Obama and Friends

by Victor Davis Hanson

NRO’s The Corner

A weird campaign gets weirder

This campaign gets ever more surrealistic. For most of August and early September, Obama on the stump was complaining about the McCain campaign’s “lying” and “lies”; yet last night on CNN Ed Rollins and David Gergen were lamenting the “new” McCain who had authorized an ad that said Obama had “lied” about his relations with Bill Ayers.

Then Fightin’ Joe Biden was on the stump, veins bulging, hands pumping, screaming that “John McCain could not bring himself to look Barack Obama in the eye and say the same things to him. In my neighborhood, you got something to say to a guy, you look him in the eye and you say it to him.” So here we are in fantasyland where Biden with hairplugs and teeth whitener evokes his supposed blue-collar fides to suggest the veteran who was tortured and held for over five years by the communists is now scared of facing down the arugula-eating Obama.

Then Rep. Lewis let loose with:

What I am seeing reminds me too much of another destructive period in American history. Sen. McCain and Gov. Palin are sowing the seeds of hatred and division, and there is no need for this hostility in our political discourse…George Wallace never threw a bomb. He never fired a gun, but he created the climate and the conditions that encouraged vicious attacks against innocent Americans who were simply trying to exercise their constitutional rights. Because of this atmosphere of hate, four little girls were killed on Sunday morning when a church was bombed in Birmingham, Alabama.

So suggesting that Obama showed terrible judgment in continuing to communicate with Ayers after his circa 9/11, very public boasts that he hadn’t bombed enough is now the equivalent to the murdering of four innocent little girls.

The common denominator in all this? Ask Bill Clinton who saw all this earlier in the primaries. Team Obama has so prepped the battlefield that it is nearly impossible to raise legitimate questions about Sen. Obama’s mysterious past without incurring charges of racism and/or character assassination. The modus operandi is to have Obama high in the clouds talking about hope and change and brotherhood, descending on occasion to lament those who cruelly lie about him, and then ascend again as he unleashes a variety of surrogates who preemptively create a climate in which McCain can say very little without being condemned as illiberal and worse.

Many of us warned about all this in March and April as we saw the Obama Rules box in Hillary. Time is running out for McCain and Palin, and they must act preemptively themselves, honestly warning that they expect to be demonized and have the race card played against them, but that such threats and invective will hardly stop them from asking even more legitimate questions.

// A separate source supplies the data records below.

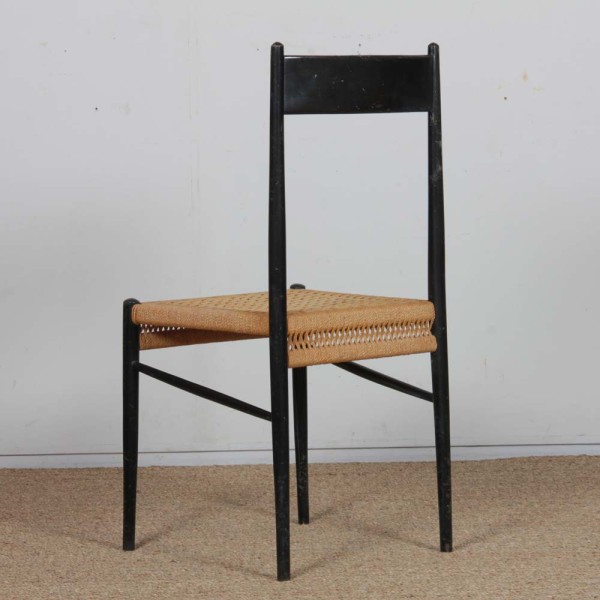 Suite of 4 Italian wooden chairs from the 1960s - Italian design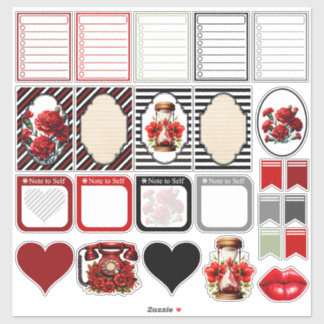 Sticker Beauté florale noire et blanche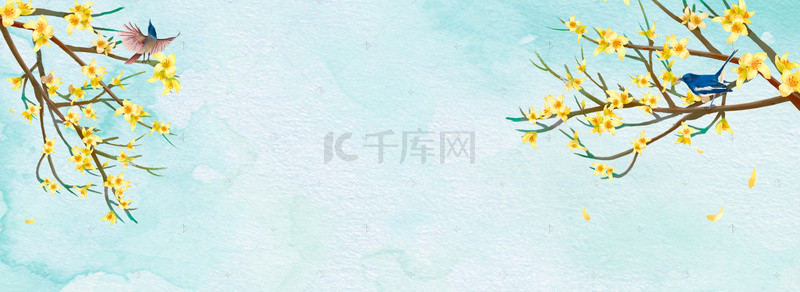 banner淡雅背景图片_花鸟小清新暖色海报banner背景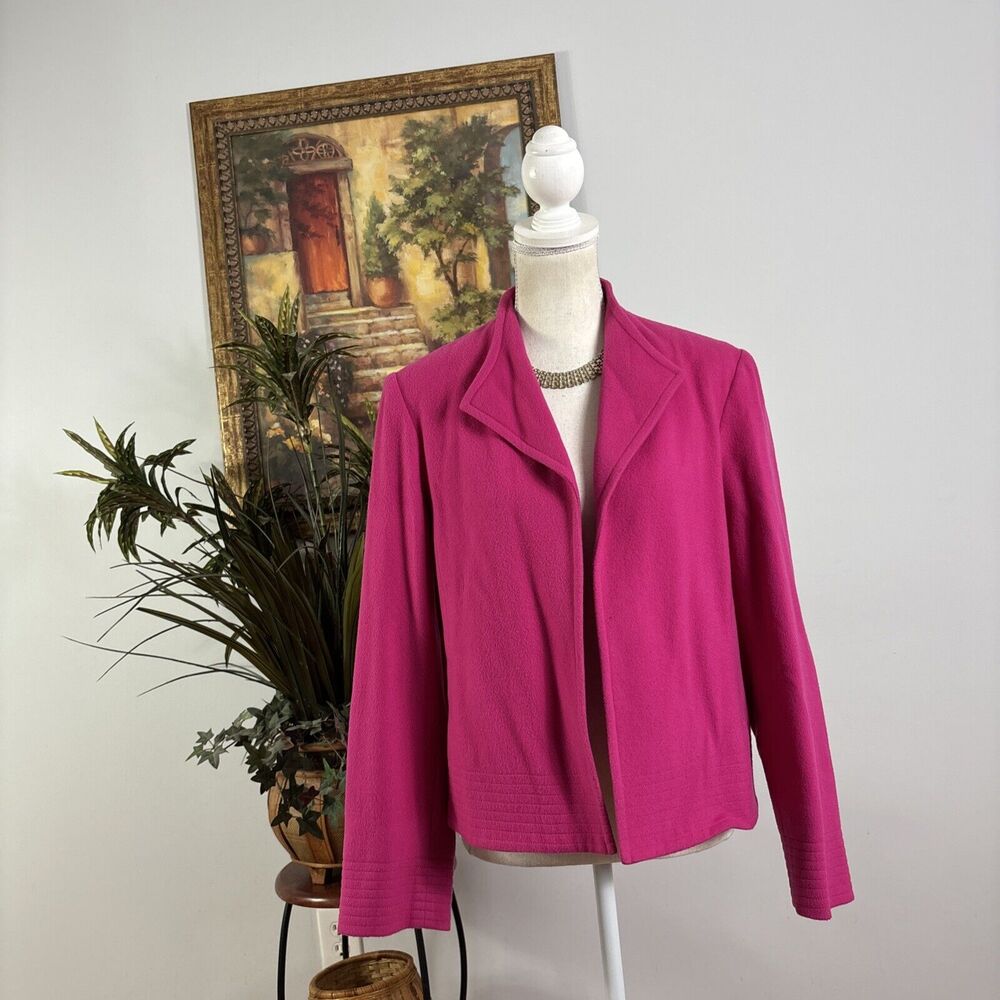 LOUBEN Jacket Womens Size 10 Fuchsia Pink Wool Cashmere Blend Lined Open Front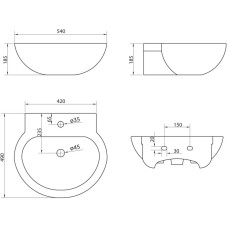 Раковина 54х49 см BelBagno Sabrina BB122L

Bill Clinton must be yelling “I told you so!”

Once again we see the Obama Rules in action: Obama as Zeus on Olympus decries the petty mean politics of mere mortals that the McCain campaign is using against him: “In the final days of campaigns, the say-anything, do-anything politics too often takes over. We’ve seen it before and we’re seeing it again — ugly phone calls, misleading mail, misleading TV ads, careless, outrageous comments.”

Meanwhile, Obama has raised and spent the largest amount of money on ads — and negative ads — in election history, and remained silent about the New York Times running an 11th-hour hit piece on his opponent’s wife, or a Rep. Lewis comparing McCain to George Wallace — or a Sen. Kerry now suggesting that John McCain (which Team Obama characterized as “losing his bearings”, and “confused”, etc.) uses adult diapers.

So the same old, same old modus operandi: all sorts of surrogates in the Congress and press offer some pretty mean-spirited “outrageous comments,” while St. Obama does his part to complain that McCain himself is doing exactly what his own supporters are in fact doing.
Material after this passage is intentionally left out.